Neue erträgliche Umwelt

Damit wir ihnen glauben, müssen Wissenschaftler nicht logisch sein, sondern nur so klingen. Die wissenschaftliche Seriosität bei einem hier interessierenden Programm zur Erforschung eines eben mal vorausgesetzten Klimawandels auf die Gebirgsvegetation erschließt sich schon daraus, dass die Studie ganze sieben Jahre währte, während es ein Grundsatz der Klimaforschung ist, Entwicklungen unterhalb eines 30-Jahre-Beobachtungszeitraumes dem Wetter oder der Witterung, niemals aber dem Klima zuzurechnen. Weil sich nun auch noch herausstellte, dass in den meisten Regionen die Artenvielfalt sogar zunahm, musste zur Erreichung des Klassenziels diese Beobachtung kurzerhand als „Übergangsstadium“ deklariert werden. Auf solcher Grundlage kann der Biologe und Klimafolgenforscher Harald Pauli dann seine so teure wie wertlose Erkenntnis gewinnen, nach der manche Pflanzenarten klimabedingt sehr schnell ausstürben, dem aber gleich folgen lassen, die beobachteten Pflanzen hätten einen langen Lebenszyklus und reagierten nicht leicht auf kurzfristige Einflüsse. Ein Statement mit Hohlspiegel-Qualitäten. Erst recht, wenn man weiß, dass für diese Erkenntnis ein Beobachtungsprogramm in mehr als 100 Untersuchungsgebieten auf sechs Kontinenten nötig war. So geht es in der Gefälligkeitswissenschaft landaus, landein, wie hier schon am 20. November 2011 bekundet wurde:

Leute, die durch die Gegend laufen, und sagen, dass sie am liebsten der Umwelt den Garaus machen würden, sind relativ selten. Die Welt zu erhalten, auf der wir leben, ist derart abstrakt gesehen ein Thema, über das es keine zwei Meinungen geben dürfte. Gerade deshalb ist es so erfolgversprechend, auf dem üppig sprießenden Feld der Umweltbesorger persönliche Ernten einzufahren. Aber nur für den, der es schafft, aus all den naturgegebenen Umweltfreunden wie Du und ich herauszuragen. Das ist nicht einfach, denn fantasielos, wie Karrieristen sind, fällt ihnen meist nur die Übertreibung des Problems und die Verkürzung der Zusammenhänge ein. So wird aus Umwelt-Engagement innerhalb dieser Strukturen schnell Umwelt-Fundamentalismus. Und wie wir wissen, kreiert Fundamentalismus am Ende nach dem Aktivistentum den Terrorismus.

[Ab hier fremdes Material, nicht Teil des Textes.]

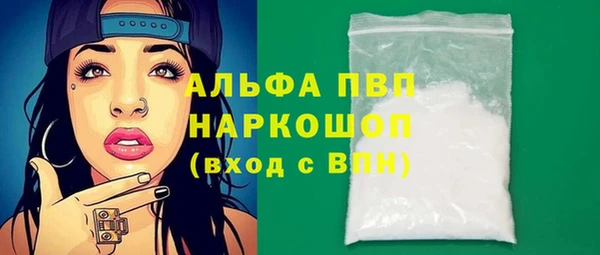 ECSTASY Абдулино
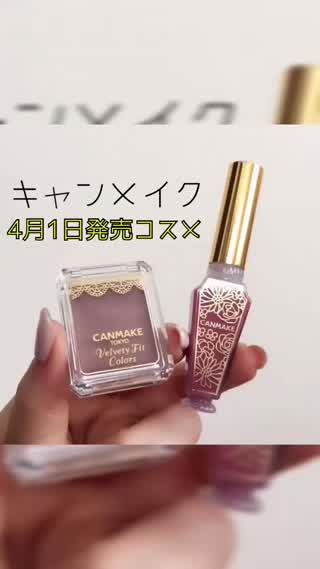4月1日発売のキャンメイクコスメをスウォッチしてみた！！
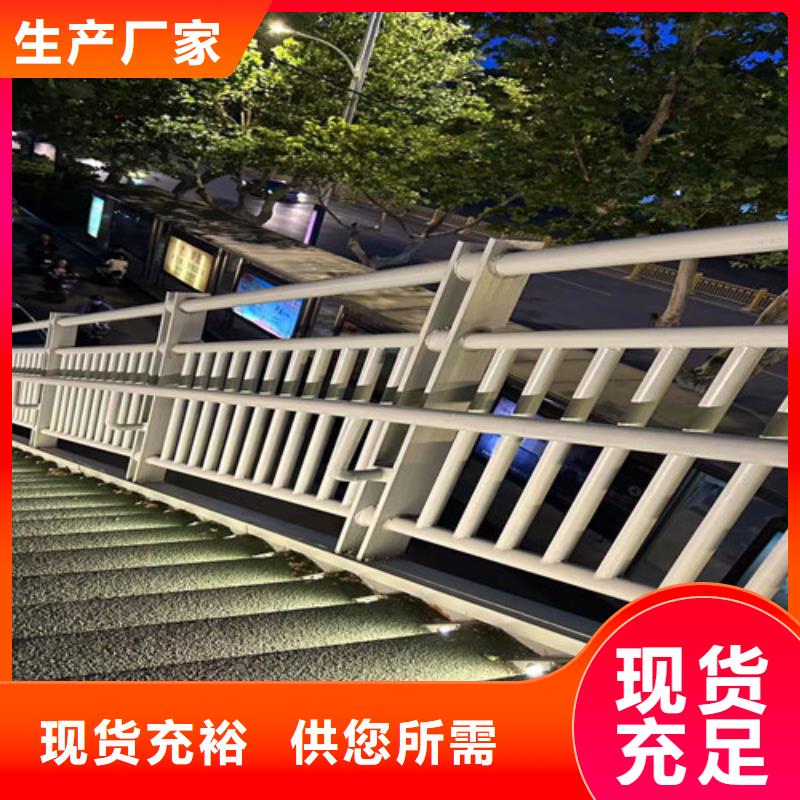 不锈钢桥梁护栏-点击了解更多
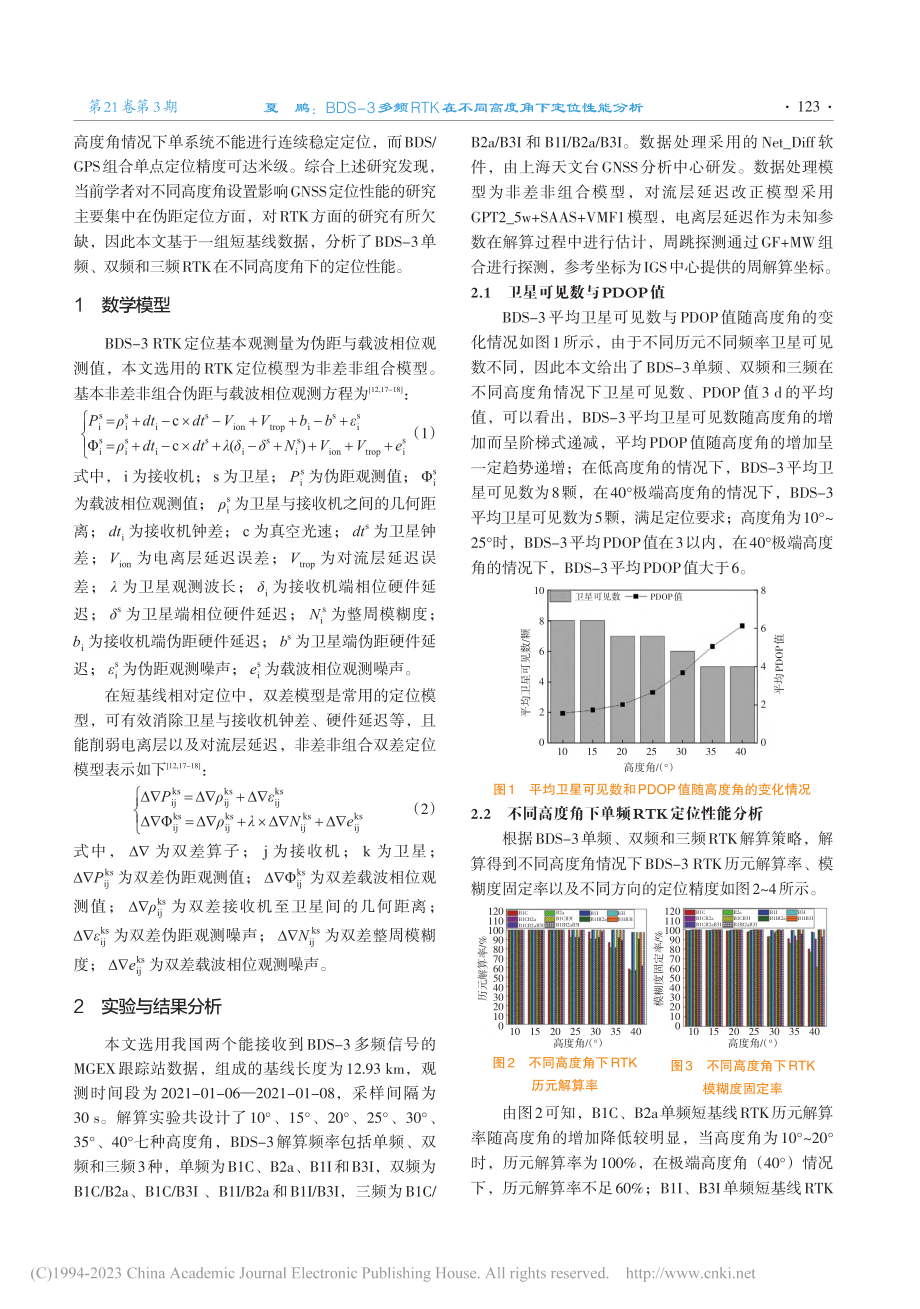 BDS-3多频RTK在不同高度角下定位性能分析_夏鹏.pdf_第2页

Doch Terrorpraktiker wie die von der Earth Liberation Front, die kürzlich einen Anschlag auf das IBM-Nanotechnologiezentrum in der Schweiz verüben wollten oder Tiere befreien, die dann in der für diese feindlichen Freiheit verenden, sind nur ein paar arme Irre und nicht das Problem. Das entsteht dort, wo aus Theorie Terror wächst, wo übersteigertes Denken und Handeln von Wichtigtuern und Gewinnsuchenden Strukturen schafft, die Schaden statt Nutzen anrichten. Wenn also Energiesparlampen gesetzlich verordnet werden, die nicht nur Umweltbomben, sondern mit ihrem kalten Licht auch noch Depressionsstifter sind, wenn alte, gut isolierte Wohnhäuser gesetzlich und umweltschädlich wärmegedämmt werden müssen und dadurch die Mieten ins kaum Bezahlbare gesteigert werden, wenn eine neue Energielobby aufgebaut wird, die mittels vom Verbraucher zu zahlender Subventionen schönste Landschaften mit in vielerlei Hinsicht problematischen Windenergieanlagen zustellt. Im ideologischen Biotop des Umweltschutzes wächst die schädliche Monokultur des Verlustes von Effektivität und Verhältnismäßigkeit.

Da ist dann auch jede Lüge gerechtfertigt, denn – siehe oben - es geht ja um das Gute an sich. Der UNO-finanzierte Weltklimarat erzählte beispielsweise seit 1996 Jahr um Jahr (und bestätigt von Hunderten seiner Experten), dass bedingt durch das ominöse Global Warming bis 2350 alle 500.000 bis eine Million Quadratkilometer Gletscher des Himalajas abgetaut sein werden. Erst 2010 ließ sich nicht länger leugnen, dass der ganze Himalaja überhaupt nur 33.000 Quadratkilometer Gletscher besitzt. Wie viel davon im Jahr 2350 (!) noch da sein werden, wissen sowieso höchstens die Eisheiligen.

Oder man fokussiert auf ein griffiges Thema wie das eigentlich lebensnotwendige Kohlendioxid und vernachlässigt dabei andere, eigentlich offensichtliche Gefahren. So war bisher der Dieselruß ein Randthema, doch in letzter Zeit, gibt es selbst innerhalb der Umweltbürokratie vorsichtige Stimmen, dass der Ruß aus Kraftfahrzeugen, Schiffsmotoren oder Baumaschinen genau die Schäden hervorrufen könnte, die dem Kohlendioxid mühsam angedichtet werden mussten: Gesundheitsschäden, Eisschmelze in der Arktis, Niederschläge und Welterwärmung.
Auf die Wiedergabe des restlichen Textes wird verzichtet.